Considered one of Mother Nature’s showpieces the Durmitor massif looms over northwest Montenegro. Part of the Dinaric Alps, it spreads over to neighbouring Bosnia and Herzegovina as well. There’s plenty to see here – from glittering lakes to nearly 50 limestone peaks – but the best time to visit is in winter. From December to March, Durmitor is a major ski resort, having transformed into an icy wonderland where you can delve into all sorts of wintry delights. Layering clothes for cold weather is vital as temperatures sometimes drop to a crazy -30o Celsius.

4. Vrelo Bune, Bosnia and Herzegovina

A unique blend of nature, history, and architecture, Velo Brune is an ensemble located at the Buna river spring just 12 kilometres from the historic city of Mostar. It’s a one-of-a-kind sight and known to be one of Europe’s most beautiful springs, as it cascades from a 15-metre wide karstic cavern beneath a tall cliff. The Mediterranean climate here makes it perfect for visiting all year long, but the best times are still in spring or summer. While you’re here, hop over to the nearby village of Blagaj, where you can visit a marvellous 16th-century monastery with unique elements of Ottoman architecture.

Here’s a four-day itinerary to help you adventure through Bosnia like a boss!
Bossing It In Bosnia 

5. Tara National Park, Serbia

No matter the weather, visiting Tara National Park all year round is a real treat. In spring and summer, get ready for a serene and uplifting vacation. The air is fresh and pure, making Tara an idyllic destination for people wanting to escape from the hustle and bustle of the daily grind. Go cycling or fishing, rent kayaks or motorboats, sail, paddleboard, or hike up to riveting viewpoints like Banjska Stena or Bilješka Stena to see the magnificent glory of this park. In winter, you indulge in some snowy sporting activities.

6. Belogradchik Cliffs, Bulgaria

Standing over the Balkan Mountains, this natural phenomenon is unique in that these strange sandstone and conglomerate rock formations stretch roughly 30 kilometres long and seven kilometres wide. Of course, it’s imperative that you visit Belogradchik Fortress for a taste of Roman history and an amazing view of these rocks that come in varying shades of red and yellow. For those more inclined to adventure, there are five beautiful eco-trails to explore nearby.
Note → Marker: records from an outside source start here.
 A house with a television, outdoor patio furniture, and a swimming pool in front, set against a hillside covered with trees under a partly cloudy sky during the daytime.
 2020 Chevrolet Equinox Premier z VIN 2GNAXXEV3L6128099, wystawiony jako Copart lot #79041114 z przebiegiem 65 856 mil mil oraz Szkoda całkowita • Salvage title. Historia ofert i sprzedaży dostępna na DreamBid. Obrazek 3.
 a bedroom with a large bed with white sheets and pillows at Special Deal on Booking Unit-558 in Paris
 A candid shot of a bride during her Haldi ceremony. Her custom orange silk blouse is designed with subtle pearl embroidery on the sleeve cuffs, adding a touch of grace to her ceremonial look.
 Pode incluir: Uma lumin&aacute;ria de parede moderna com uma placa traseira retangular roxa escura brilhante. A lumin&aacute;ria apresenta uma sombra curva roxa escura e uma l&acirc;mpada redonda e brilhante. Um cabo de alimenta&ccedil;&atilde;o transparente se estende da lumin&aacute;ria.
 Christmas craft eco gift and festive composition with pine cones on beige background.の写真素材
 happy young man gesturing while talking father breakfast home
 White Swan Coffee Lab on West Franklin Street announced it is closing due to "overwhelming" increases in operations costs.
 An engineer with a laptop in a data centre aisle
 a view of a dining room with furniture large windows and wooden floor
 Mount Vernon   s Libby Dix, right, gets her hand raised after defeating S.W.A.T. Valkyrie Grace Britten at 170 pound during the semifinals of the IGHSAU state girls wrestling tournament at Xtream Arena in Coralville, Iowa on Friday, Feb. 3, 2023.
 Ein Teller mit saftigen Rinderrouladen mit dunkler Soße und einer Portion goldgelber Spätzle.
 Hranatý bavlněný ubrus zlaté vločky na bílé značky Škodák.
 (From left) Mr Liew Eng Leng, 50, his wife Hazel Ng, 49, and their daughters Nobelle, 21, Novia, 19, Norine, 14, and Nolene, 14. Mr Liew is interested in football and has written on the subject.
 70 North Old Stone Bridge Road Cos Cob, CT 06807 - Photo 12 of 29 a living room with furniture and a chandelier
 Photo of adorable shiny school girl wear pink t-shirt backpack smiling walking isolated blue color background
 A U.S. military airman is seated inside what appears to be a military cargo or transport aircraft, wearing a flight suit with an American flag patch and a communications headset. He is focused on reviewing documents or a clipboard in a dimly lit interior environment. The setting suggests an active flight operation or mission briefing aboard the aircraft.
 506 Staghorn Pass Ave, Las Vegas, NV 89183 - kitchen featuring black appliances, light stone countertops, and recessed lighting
7. The Devil’s Town, Serbia

In Serbia’s deep south, Devil’s Town is actually a cluster of more than 200 pyramid-like stone formations that eerily loom overhead at between two and 15 metres high. Nobody can say with certainty when, where, or why this natural treasure has been named so notoriously. Although, local whispers have it that the rocks took form when the guests of an incestuous wedding were petrified by an offended god… pretty spooky stuff. Science, however, says that these rock formations were caused by erosion. However they came to be, many people flock from afar to see them and the two adjacent acid water springs that together make an utterly whimsical sight.

8. Bled, Slovenia

Another Slovenian jewel is a sweet Alpine delight that has it all. Upon arrival in the fairy tale town of Bled, what immediately stands out is a small island with a 17th-century church in its centre that’s surrounded by a glistening blue lake against a background of snow-capped peaks in the distance. Adding to its storybook charm is a simply stunning medieval castle overlooking the lake on top of a hill. In other words, Bled’s like a Disney movie come to life.